U.S. banks increasingly tightened loan conditions on sub-prime and non-traditional mortgages in recent months and became more cautious about prime mortgages, syndicated loans and commercial real estate, according to a survey by the Federal Reserve … The survey was conducted just before the global credit crunch intensified.” FT, Aug 14

“UBS AG, Europe's largest bank, fell to the lowest in a year on the Zurich exchange after acknowledging that ``turbulent'' markets may reduce profit for the rest of the year.” … UBS has overtaken Morgan Stanley as this year's top underwriter of share sales, according to data compiled by Bloomberg.” Bloomberg, Aug 14

The 14 percent rally in Chinese stocks in the past two weeks has created some of the largest companies in the world by market capitalization and defied a global rout that wiped more than $3.3 trillion from equities worldwide. The gains helped Industrial & Commercial Bank of China Ltd. attain a market value that exceeds all but two U.S. companies … ICBC's Shanghai-listed shares trade at 39 times reported earnings, almost four times Citigroup's multiple of 11. Shares in China's CSI 300 Index trade at 50 times profit, while those in the Standard & Poor's 500 Index trade at 17 times … The CSI 300 has more than tripled in the past year … Trading by individual investors accounts for about 60 percent of market volume … Investors in China have opened about 33 million brokerage accounts already this year, more than six times the total for 2006. Daily turnover on the nation's two stock markets soared more than fivefold.” Bloomberg, Aug 14, “China’s Stocks, World’s Costliest, Defy Global Slump,” Darren Boey and Zhang Shidong

“What makes China's worst inflation scare in a decade doubly dangerous is its deceptively harmless appearance.
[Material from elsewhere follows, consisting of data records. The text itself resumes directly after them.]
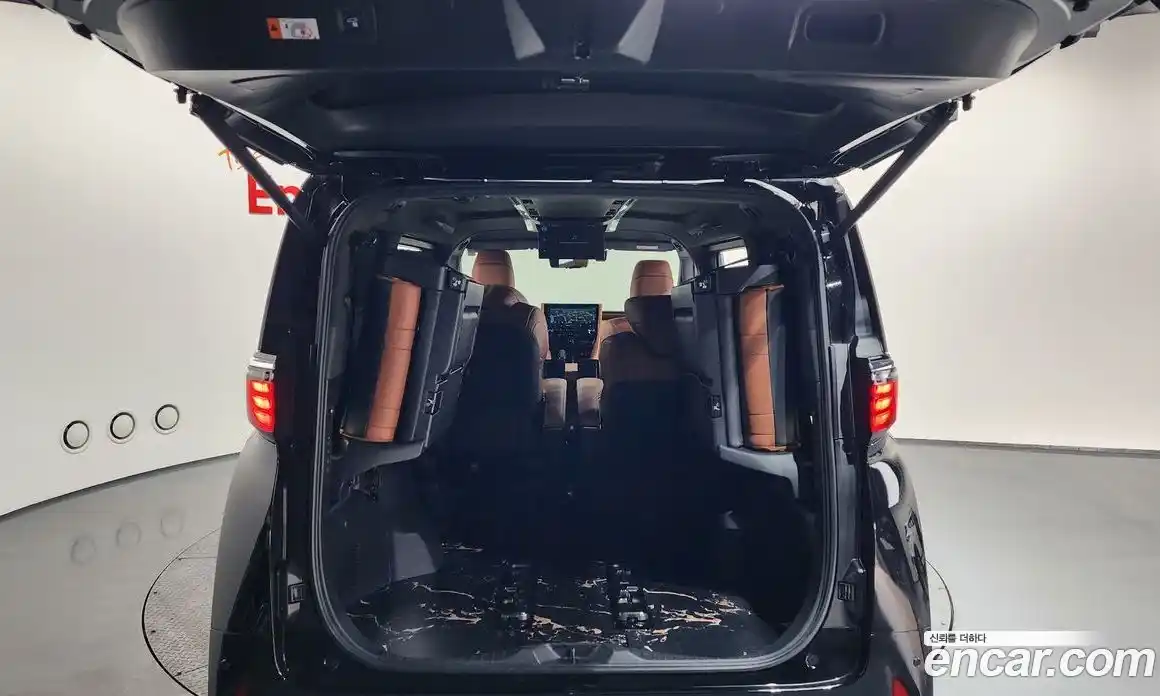 Toyota Alphard 2024 2.5 Автомат в Москве № 170272, фото 20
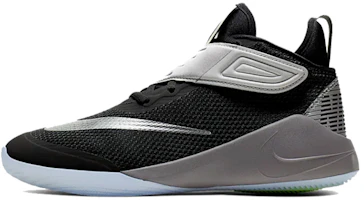 (Youth) Nike Future Flight 2 'Black Silver' AT5687-001 (Youth) Nike Future Flight 2 'Black Silver' AT5687-001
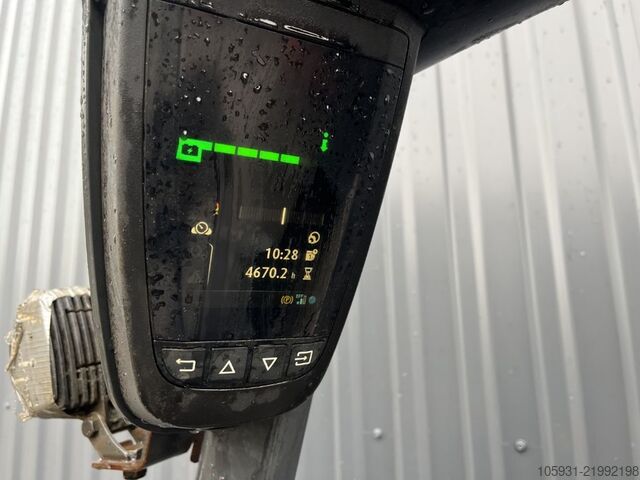 Electric 4-wheel forklift Linde E25-01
Many analysts are inclined to write it off as a temporary food shortage, when it actually stems from a serious money glut. The annual inflation rate zoomed to 5.6 percent last month, the highest in more than 10 years … Just as loose global monetary conditions have caused energy prices to run away in recent years, surplus liquidity in China -- the deluge of money entering the country through its record trade surplus -- is now showing up in food costs, which account for a third of the Chinese consumption basket … money supply, which grew 18.5 percent in July, the fastest pace in more than a year.” Bloomberg, Aug 14, “Blame Money, Not Pigs, for China’s Price Scare,” Andy Mukherjee

The spurt in inflation comes at a sensitive time in China’s political calendar, ahead of the five-yearly Communist party congress in October, when stability is at a premium. Outbreaks of inflation have triggered political upheaval in the past.” FT, Aug 14

Final reckoning only days away for Musharraf. Time is running out for Pakistan’s president to secure his political future and avoid a constitutional crisis,” FT, Aug 14

Poland’s ruling coalition crumbles,” FT, Aug 14

So, why could this get a lot worse than LTCM in Oct 1998?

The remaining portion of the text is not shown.